River in the eastern United States

The Oconaluftee River drains the south-central Oconaluftee valley of the Great Smoky Mountains in Western North Carolina before emptying into the Tuckasegee River. The river flows through the Qualla Boundary, a federal land trust that serves as a reserve for the Eastern Band of the Cherokee, the only federally recognized tribe in North Carolina. They bought the land back from the federal government in the 1870s, after having been pushed off and forced to cede it earlier in the 19th century. Several historic Cherokee towns are known to have been located along this river.

==Hydrography==
Beech Flats Prong is a stream formed by the convergence of several spring outlets high in the Appalachians near Newfound Gap, a mountain pass that straddles the Tennessee–North Carolina border in the center of the Great Smoky Mountains National Park. The stream flows about 10 mi south where it merges with Smith Branch, Kepharts Prong, and the Kanati Fork to form the Oconaluftee River. The river continues south, where it is joined by the Bradley Fork, which greatly strengthens its flow. A large, flat bottomland is created by the river's confluence with the Raven Fork at Cherokee, North Carolina, where the river turns westward, flowing to its mouth on the Tuckasegee River.
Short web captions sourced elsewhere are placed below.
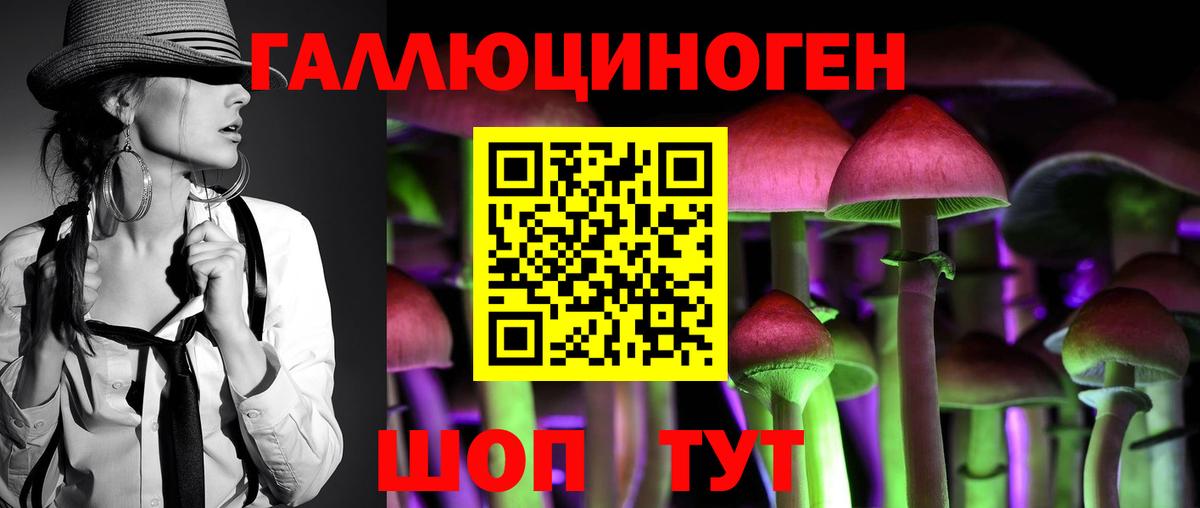 Галлюциногенные грибы Psilocybe Красногорск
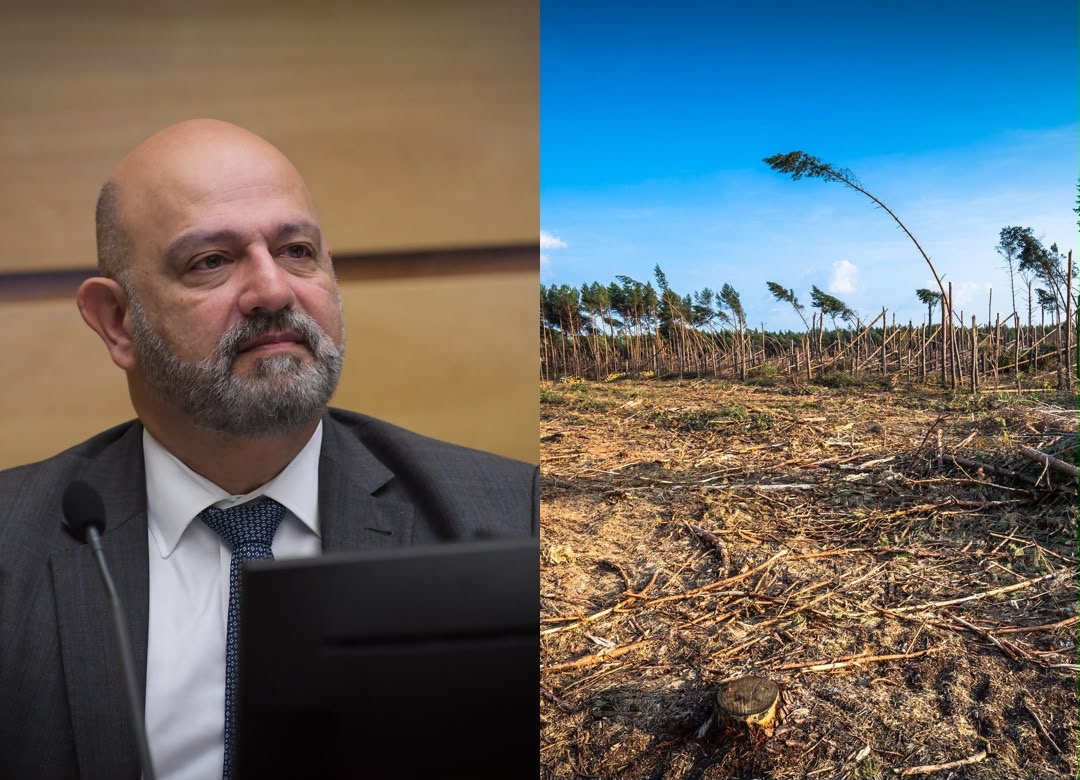 STJ afeta conversão de multa ambiental a rito de repetitivos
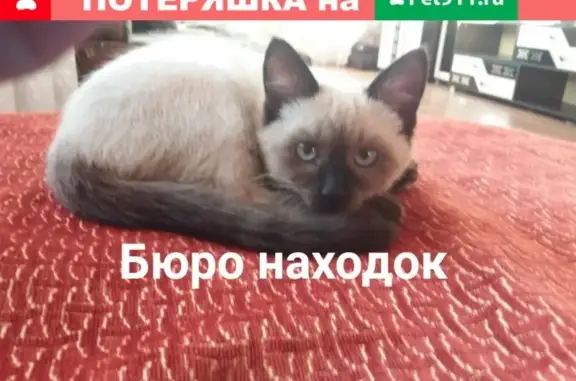 Пропала сиамская кошка в Северодвинске, район Комсомольской 39
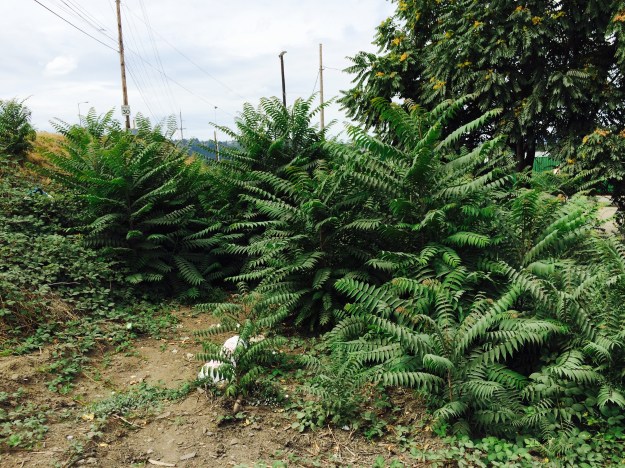 The same site in the spring after mowing with the vigorous growth of Tree of Heaven taking over.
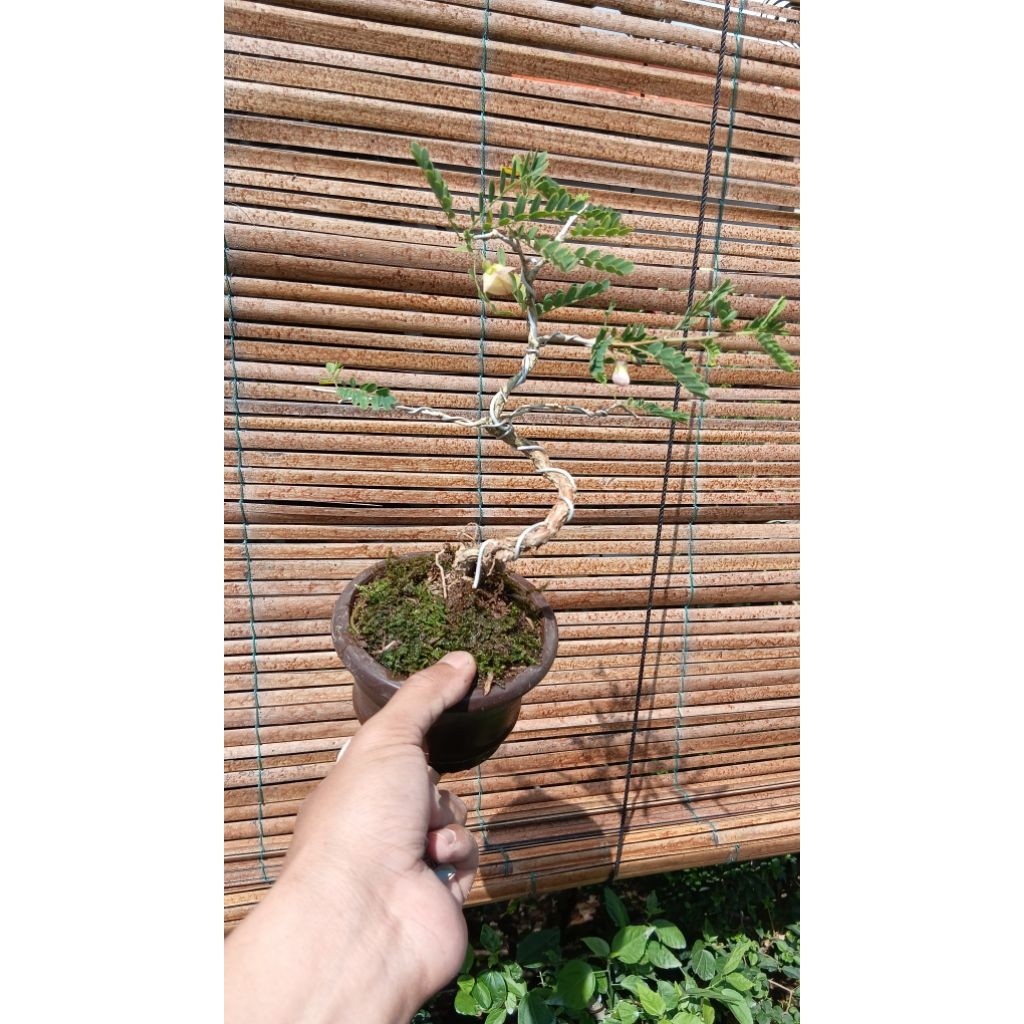 bonsai mame asam saraf / bonsai mame asem sarap ( dikirim rendom )     Berkualitas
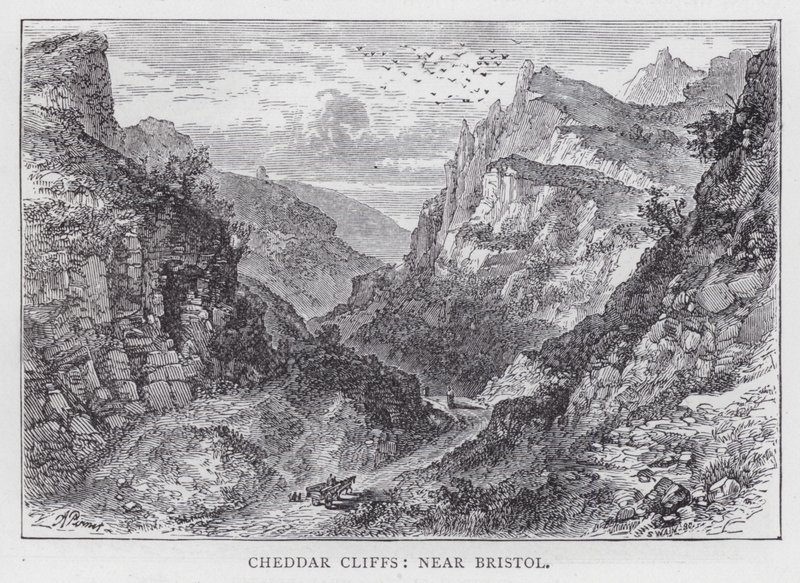 Falaises de Cheddar, près de Bristol - English School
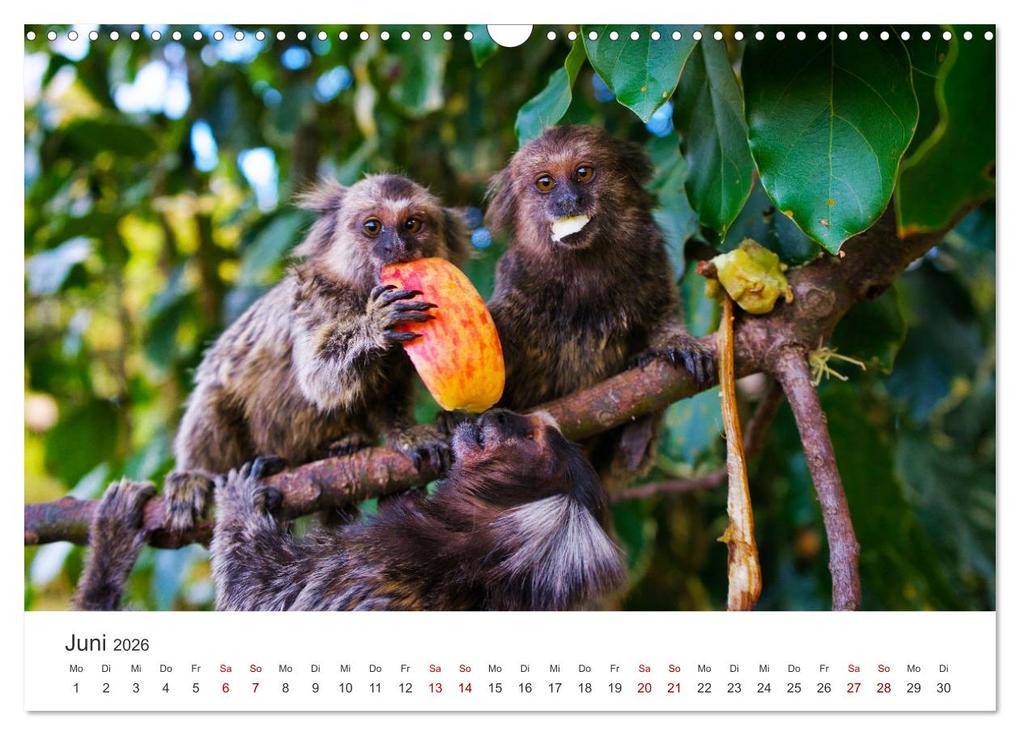 Weitere Ansicht: Brasilien - Karnevale, Fußball und Regenwälder. (Wandkalender 2026 DIN A3 quer), CALVENDO Monatskalender | Calvendo, SF, SF SF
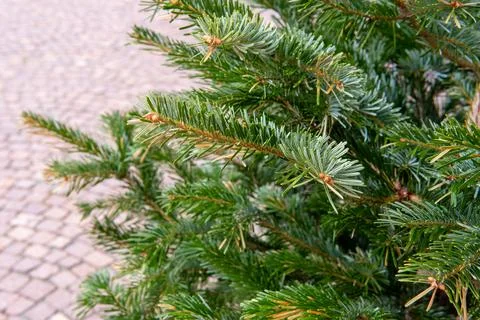 Close Up Of Pine Needles (Christmas Tree Branch Close Up) Stock Photos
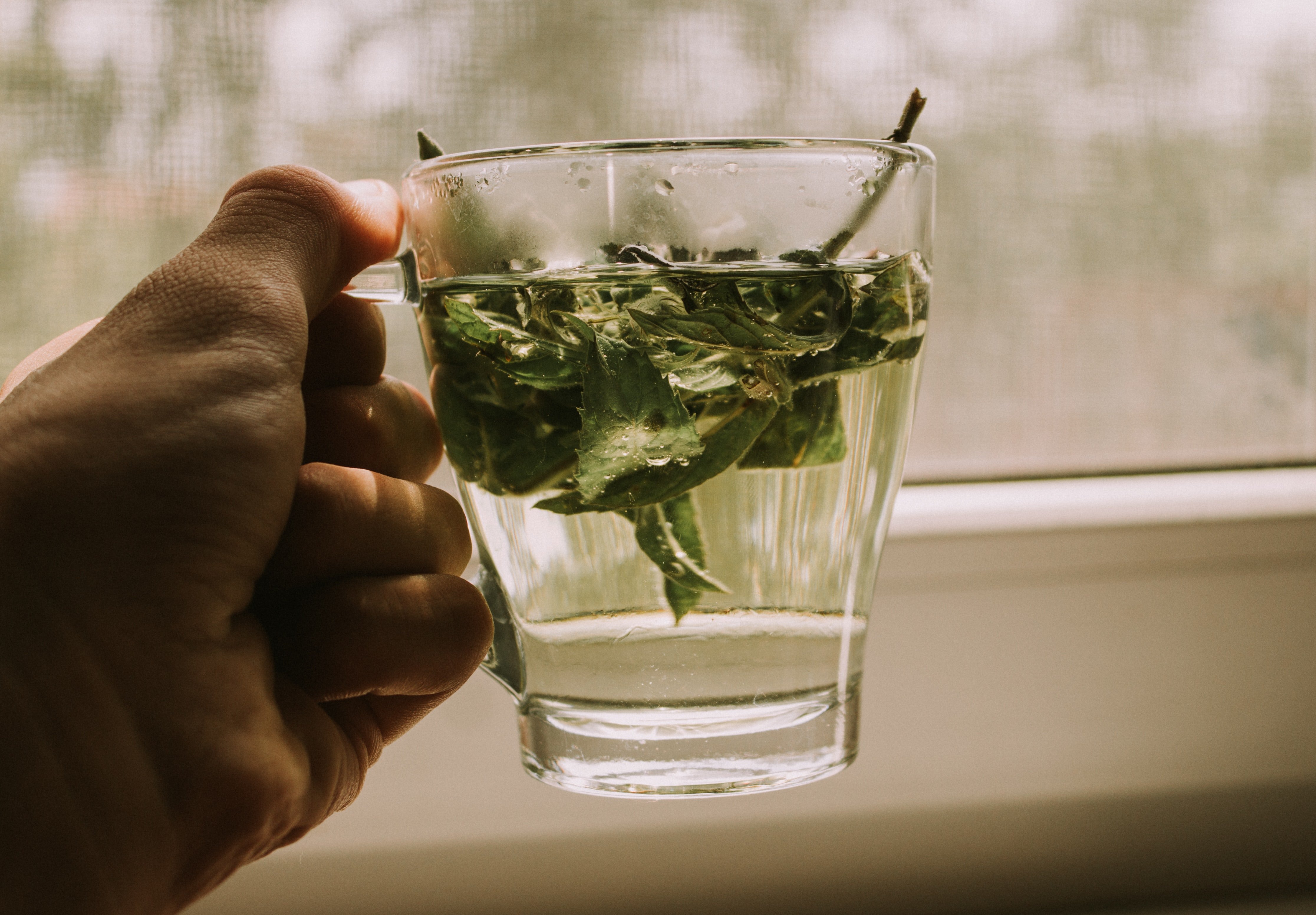 Té de menta / Unsplash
Present-day Bryson City in Swain County developed just upriver of this confluence. The Oconaluftee passes through the settlements of Smokemount, the Oconaluftee Village and Hospital, the town of Cherokee, base of the EBCI; Indian Hills, and Birdtown before emptying into the Tuckasegee.

==History==
For thousands of years, indigenous peoples occupied this region, generally living near the waterways. The historic Cherokee people occupied this region as their traditional homelands long before European encounter. They considered the Ocona Luftee waters to be sacred. The name "Ocona Luftee" was derived from the name of the Cherokee village, Egwanulti, which was developed on its banks prior to the area's colonization by European frontiersmen. The name translates to "by the river" in English. The river and the village were named by the Cherokee prior to the arrival in this area of John Bartram, an English colonial explorer from Philadelphia.

During the 1830s and the time of Indian removals from the Southeast, the Cherokee were allowed the chance to purchase plots of land for individual households, if they agreed to leave the tribe. They were then considered U.S. and state citizens, not subject to removal.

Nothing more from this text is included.